Financé à hauteur d’environ 900 millions de francs CFA par le Fonds-cadre mondial pour la biodiversité (GBFF), un nouveau programme a été lancé le 29 juin 2026 à Mveng Ayong, dans le département du Komo-Kango. Prévu sur deux ans, il vise à renforcer la protection des communautés rurales face aux incursions de la faune sauvage, grâce notamment à l’installation de barrières électriques et au déploiement de nouveaux moyens logistiques.
Le Gouvernement gabonais franchit une nouvelle étape dans la lutte contre les conflits entre l’homme et la faune sauvage. À Mveng Ayong, localité située à environ 105 kilomètres de Libreville, le ministère des Eaux et Forêts, Maurice Ntossui Allogo a officiellement lancé un projet financé à hauteur de 1,5 million de dollars, soit près de 900 millions de francs CFA, par le Fonds-cadre mondial pour la biodiversité (GBFF).
Cette enveloppe permettra de renforcer les capacités de prévention et de gestion des conflits homme-faune (CHF) à travers plusieurs actions, notamment la construction de barrières électriques dans les zones les plus exposées, le renforcement des moyens logistiques et l’appui aux dispositifs déjà déployés sur le terrain. Pour Maurice Ntossui Allogho, cet investissement marque une nouvelle étape dans la stratégie nationale de protection des populations rurales.

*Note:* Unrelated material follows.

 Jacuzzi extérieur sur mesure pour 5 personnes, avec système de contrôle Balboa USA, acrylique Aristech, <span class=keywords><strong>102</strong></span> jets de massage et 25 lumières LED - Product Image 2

« Le Fonds-cadre mondial pour la biodiversité représente un montant d’environ 1,5 million de dollars, soit près de 900 millions de FCFA. Ces ressources serviront à renforcer les capacités en matière de construction de barrières électriques sur l’ensemble du territoire. Elles viendront également compléter les financements du CAFI et de TNC. Après les barrières électriques, il y a aussi la politique de battues administratives ou de légitime défense. »
Le projet sera mis en œuvre sur une période de deux ans avec l’appui technique de l’ONG The Nature Conservancy (TNC), en collaboration avec le ministère des Eaux et Forêts. Cette première phase doit permettre d’évaluer l’efficacité des solutions retenues avant un éventuel déploiement à plus grande échelle.
Comme l’explique Stanislas Stephen Mouba, directeur pays de The Nature Conservancy, l’ambition est d’inscrire cette initiative dans la durée. « Sur ce projet, nous collaborons directement avec le ministère des Eaux et Forêts. Ce projet va durer deux ans avec un rôle essentiellement pilote afin de nous permettre de calibrer une action qui pourra être déployée sur une période plus longue de dix ans. », a-t-il fait savoir.
À Mveng Ayong, les effets des barrières électriques sont déjà visibles. Après plusieurs années de pertes agricoles provoquées par les éléphants, certains habitants affirment avoir retrouvé des conditions plus favorables pour cultiver leurs terres. C’est le cas de Jeanne Bidang Bi Angoue, habitante du village, qui témoigne du changement observé depuis l’installation du dispositif. « Pendant presque huit ans, nous ne pouvions récolter ni feuilles de manioc, ni feuilles de taro, rien du tout. Même si tu plantes près de la véranda, les éléphants viennent tout dévaster. Depuis que j’ai la barrière électrique, il y a déjà un an, je me sens vraiment soulagée », témoigne-t-elle.
Avec près de 88 % de son territoire recouvert de forêts, le Gabon fait de la préservation de la biodiversité un axe majeur de sa politique environnementale. À travers ce financement de près de 900 millions de FCFA, les autorités entendent mieux protéger les populations rurales tout en conciliant conservation de la faune et développement des activités agricoles.